- _What the exercise asks_:
Your copy of the data should leave out the images and match everything else exactly.

- _Supplied material_:
_ _ _

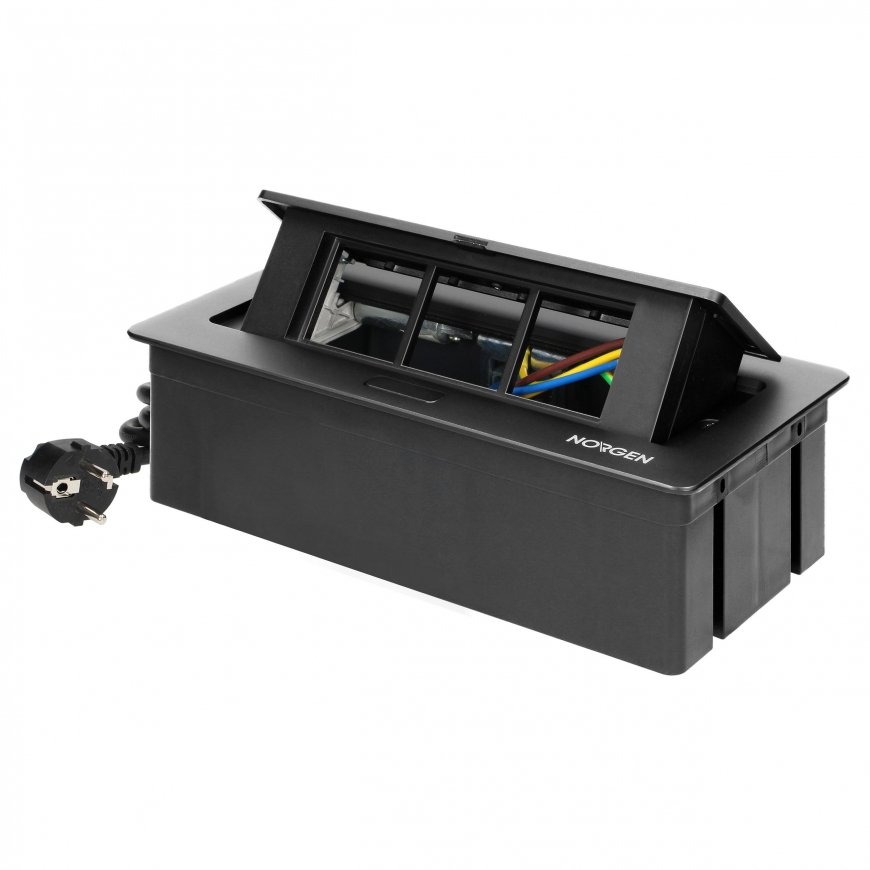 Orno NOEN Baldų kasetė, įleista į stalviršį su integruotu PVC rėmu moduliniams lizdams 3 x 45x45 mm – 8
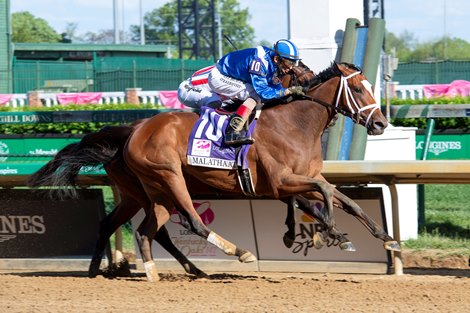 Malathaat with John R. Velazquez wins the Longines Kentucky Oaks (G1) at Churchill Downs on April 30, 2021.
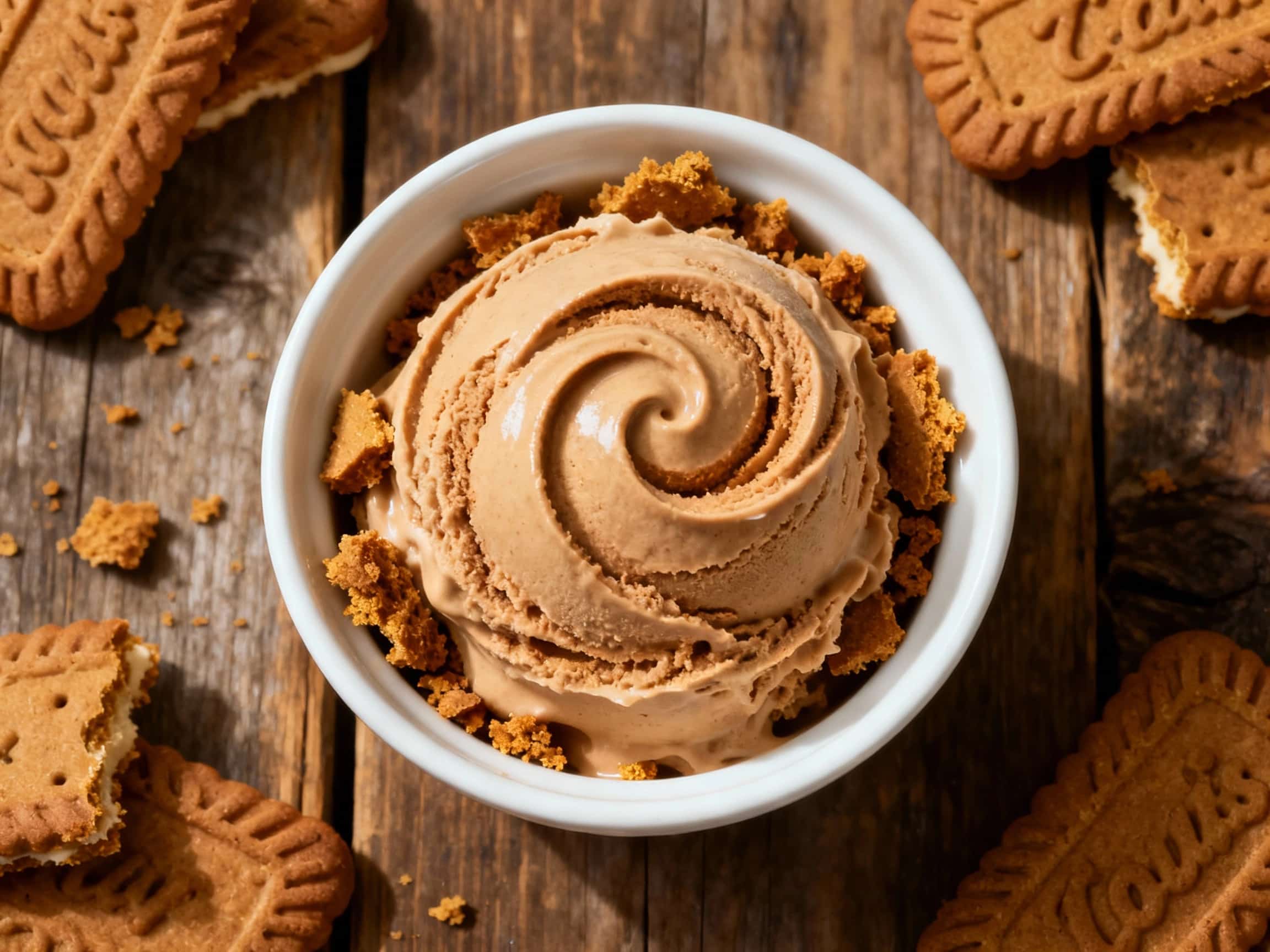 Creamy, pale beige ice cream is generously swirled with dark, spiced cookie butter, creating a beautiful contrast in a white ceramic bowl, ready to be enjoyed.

_ _ _

- _Solution_:
 Orno NOEN Baldų kasetė, įleista į stalviršį su integruotu PVC rėmu moduliniams lizdams 3 x 45x45 mm – 8
 Malathaat with John R. Velazquez wins the Longines Kentucky Oaks (G1) at Churchill Downs on April 30, 2021.
 Creamy, pale beige ice cream is generously swirled with dark, spiced cookie butter, creating a beautiful contrast in a white ceramic bowl, ready to be enjoyed.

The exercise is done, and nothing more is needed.